- Exercise brief
Pictures are to be dropped. Everything else in the listing gets copied exactly.

[[ Data records open ]]

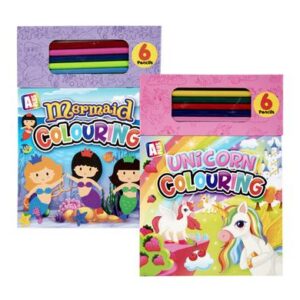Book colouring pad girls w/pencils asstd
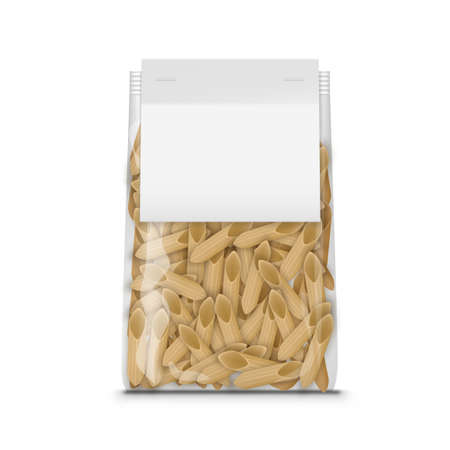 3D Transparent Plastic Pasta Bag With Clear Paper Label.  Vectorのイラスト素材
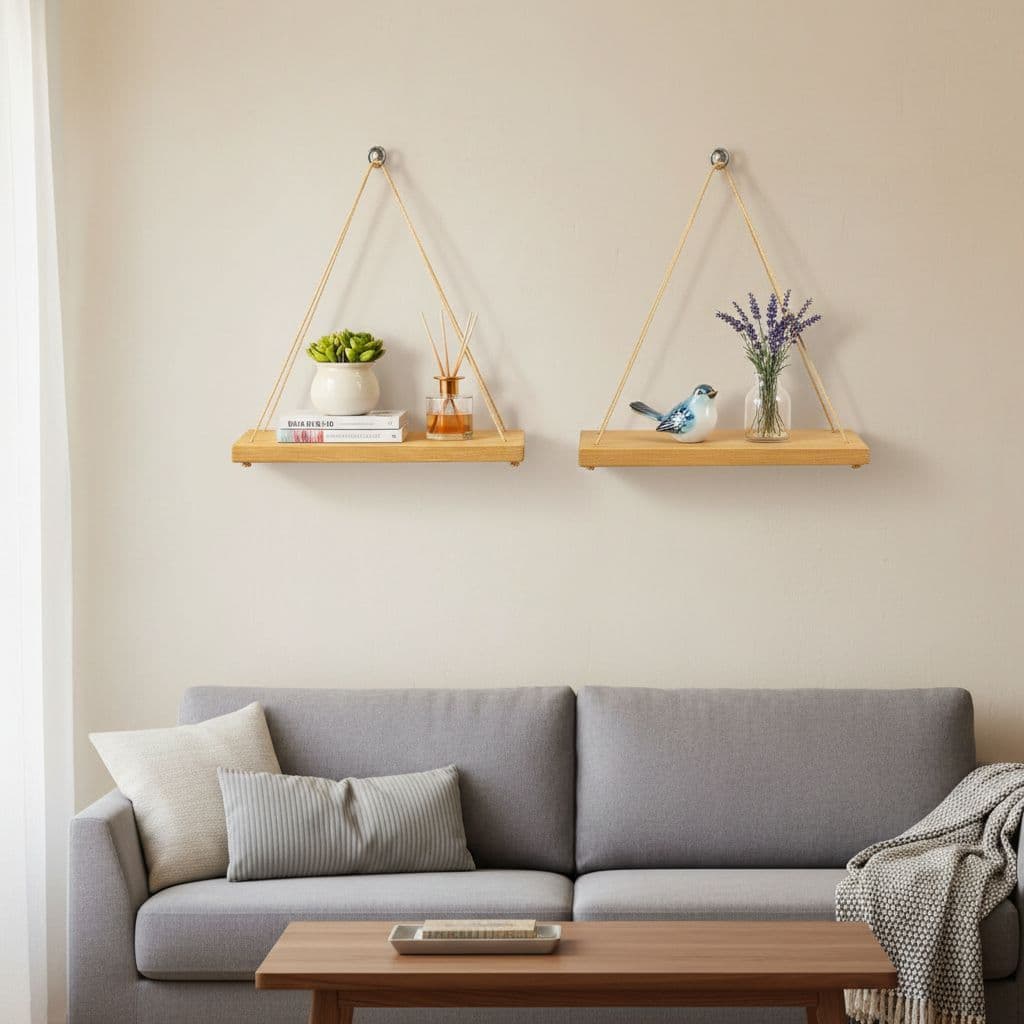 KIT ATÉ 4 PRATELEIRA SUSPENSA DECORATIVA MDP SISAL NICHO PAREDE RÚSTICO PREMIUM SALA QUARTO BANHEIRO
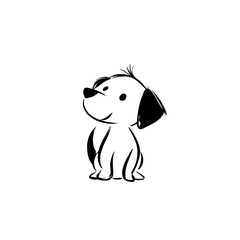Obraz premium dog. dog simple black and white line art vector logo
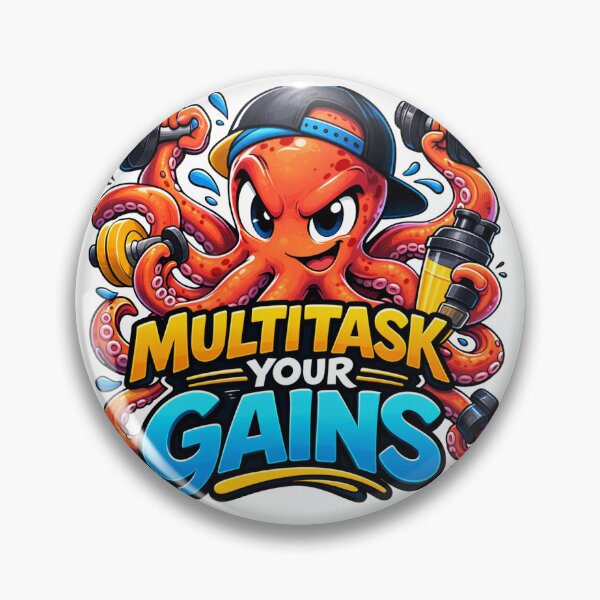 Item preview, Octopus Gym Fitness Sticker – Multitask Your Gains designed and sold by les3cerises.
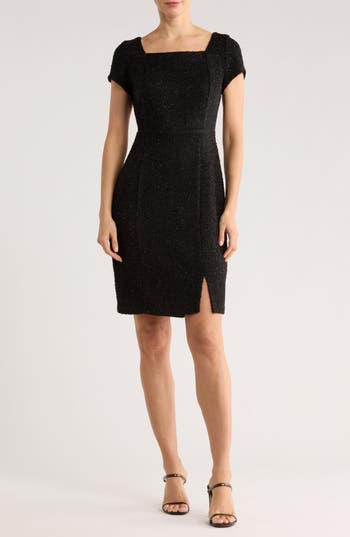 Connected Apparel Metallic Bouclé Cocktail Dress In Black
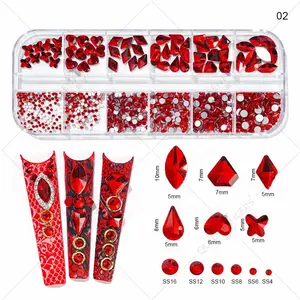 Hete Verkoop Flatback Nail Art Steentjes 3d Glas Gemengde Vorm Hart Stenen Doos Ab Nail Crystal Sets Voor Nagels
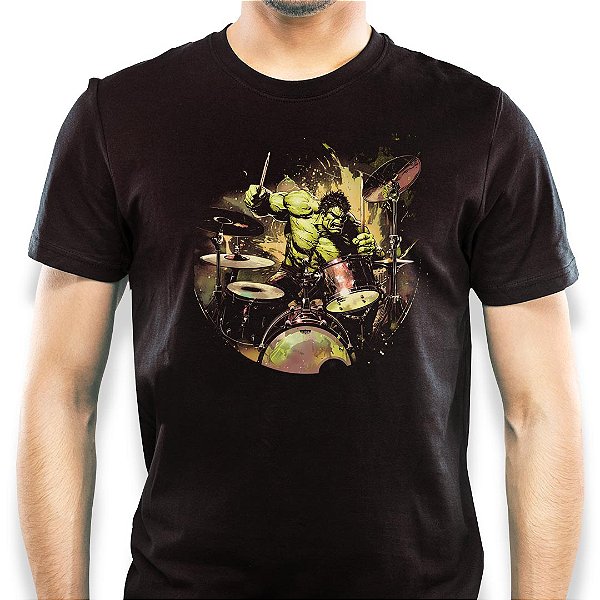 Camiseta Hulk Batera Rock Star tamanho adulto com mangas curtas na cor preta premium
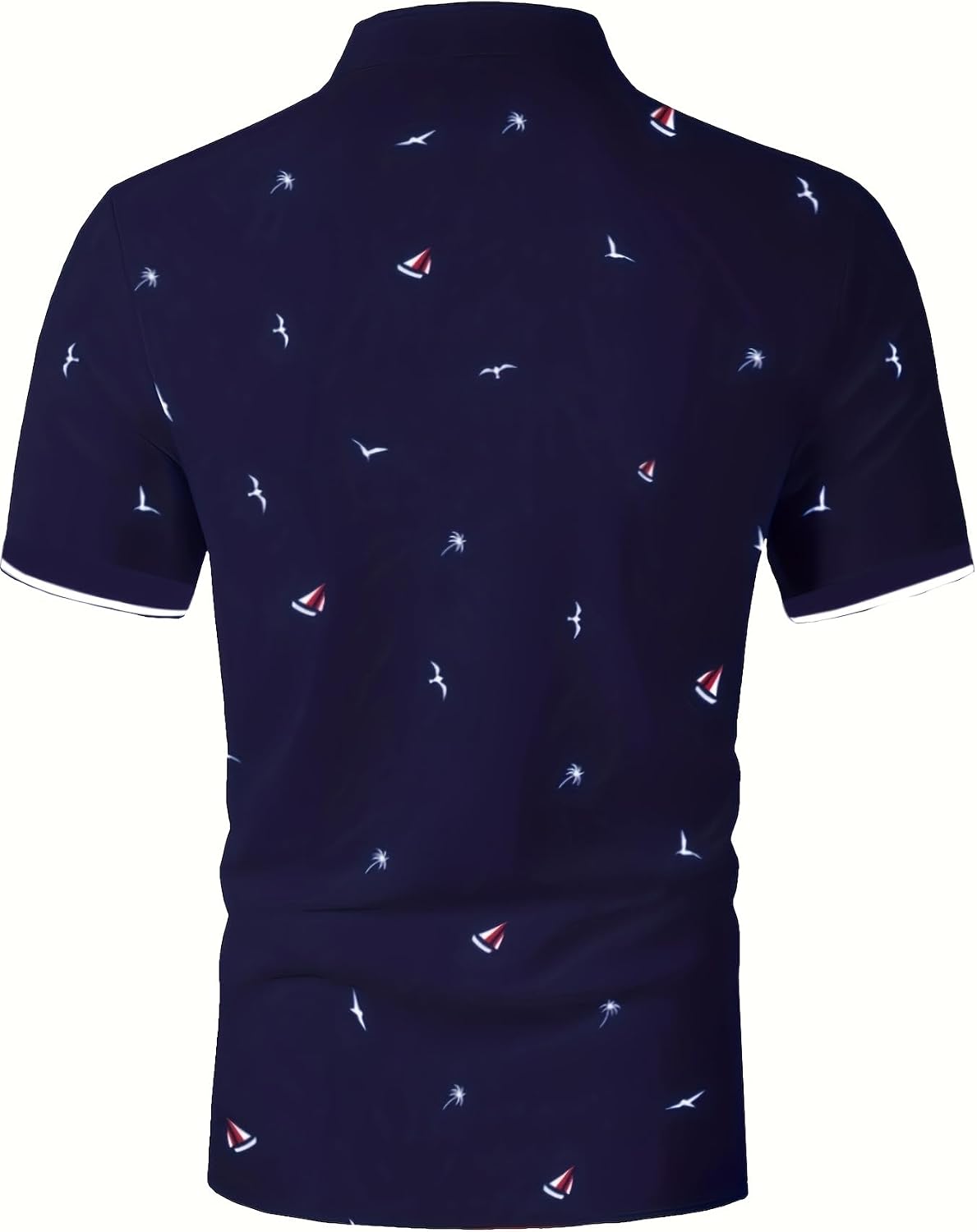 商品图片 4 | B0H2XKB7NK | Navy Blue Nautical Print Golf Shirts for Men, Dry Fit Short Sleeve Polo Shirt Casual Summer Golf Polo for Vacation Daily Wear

[[ Data records closed ]]

- Answer to this exercise
Book colouring pad girls w/pencils asstd
 3D Transparent Plastic Pasta Bag With Clear Paper Label.  Vectorのイラスト素材
 KIT ATÉ 4 PRATELEIRA SUSPENSA DECORATIVA MDP SISAL NICHO PAREDE RÚSTICO PREMIUM SALA QUARTO BANHEIRO
Obraz premium dog. dog simple black and white line art vector logo
 Item preview, Octopus Gym Fitness Sticker – Multitask Your Gains designed and sold by les3cerises.
 Connected Apparel Metallic Bouclé Cocktail Dress In Black
 Hete Verkoop Flatback Nail Art Steentjes 3d Glas Gemengde Vorm Hart Stenen Doos Ab Nail Crystal Sets Voor Nagels
 Camiseta Hulk Batera Rock Star tamanho adulto com mangas curtas na cor preta premium
 商品图片 4 | B0H2XKB7NK | Navy Blue Nautical Print Golf Shirts for Men, Dry Fit Short Sleeve Polo Shirt Casual Summer Golf Polo for Vacation Daily Wear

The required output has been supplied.